This article is very interesting in trying to explain why productivity is only growing at 0.4% in recent years.
In somewhat different ways, John Fernald of the Federal Reserve Bank of San Francisco and Robert Gordon
of Northwestern University, two leading productivity experts, have
argued that the greatest productivity gains from information technology
came years ago, and that recent inventions look puny by comparison.
Compare Facebook
with the Internet, or the Apple Watch with the personal computer.
Maybe inventiveness has not waned, but the productivity-enhancing
impacts of inventions have.
The Apple watch is certainly case-in-point in this argument. I was reading a different article on how businesses are trying to bend over backward trying to figure out how to incorporate the Apple Watch into the workplace. All of the reasons just looked like a way for executives to get a free Apple Watch and not a tool to make them more productive. I mean anything work related you can see on the watch you can see on your iPhone already and much easier at that.
All Facebook and Twitter have done is made yet another place to show you ads for things you don't want to buy. Mobile ad revenue is going strait up over there but it certainly isn't helping anyone do their jobs more efficiently. This article actually says they might be a drag on productivity as well depending on how much of the workday they take up. Most of the ideas where companies help your company "get on social media" are pretty much a way to put up a digital billboard.
While Big Data is pretty much a way to parse the mountains of somewhat useless data and hopefully find a use for it. I watched an IBM ad that had some way of figuring out who is important in your emails and social interactions. Do you really need that at most businesses? I know the people in my department are important and my boss is the most important. I saved my company the millions it would have taken IBM to implement this useless application.
The Internet of Things is basically an excuse to sell you stuff you don't really need. If my refrigerator tells me when my milk goes bad and re-orders the milk I would need to turn that function off. I don't always want milk so I don't want my refrigerator making decisions for me.

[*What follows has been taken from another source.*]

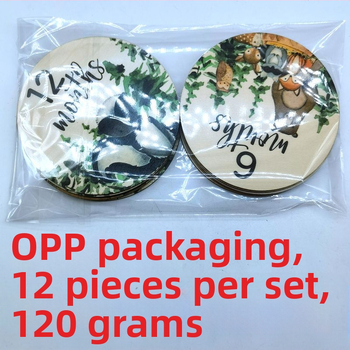 Κύκλινο ξύλινο αξεσουάρ για ορόσημα μωρού με σχέδιο ζώων του δάσους, έτος γέννησης και μήνας, διπλής όψης εκτύπωση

What I noticed is most of the technology today is just deck-chair re-arrangers. A thinner phone where you can use the edge of it for something or another. A bigger phone with a better camera and display. A laptop that turns into a tablet. A way to watch TV shows and 2nd run movies at home for small sum a month. A car service where you don't need a taxi license to participate in and can be called using an app. A different app that rents out your house when you are away. That is the innovation in 2015. These are all things that replace something that we already had. Uber vs. the taxi, the Samsung Edge vs. a regular smart phone, Netflix vs. Blockbuster Video.
Its all just a little nudge better and a little cheaper cost for pretty much the same thing as last year. I mean a bigger iPhone is not going to do anything special to move the productivity bar. You will still read the same email, use the same apps, and waste time with the same games and social media. So the idea that technological stagnation is something that might be putting a damper on productivity growth is a very good one indeed.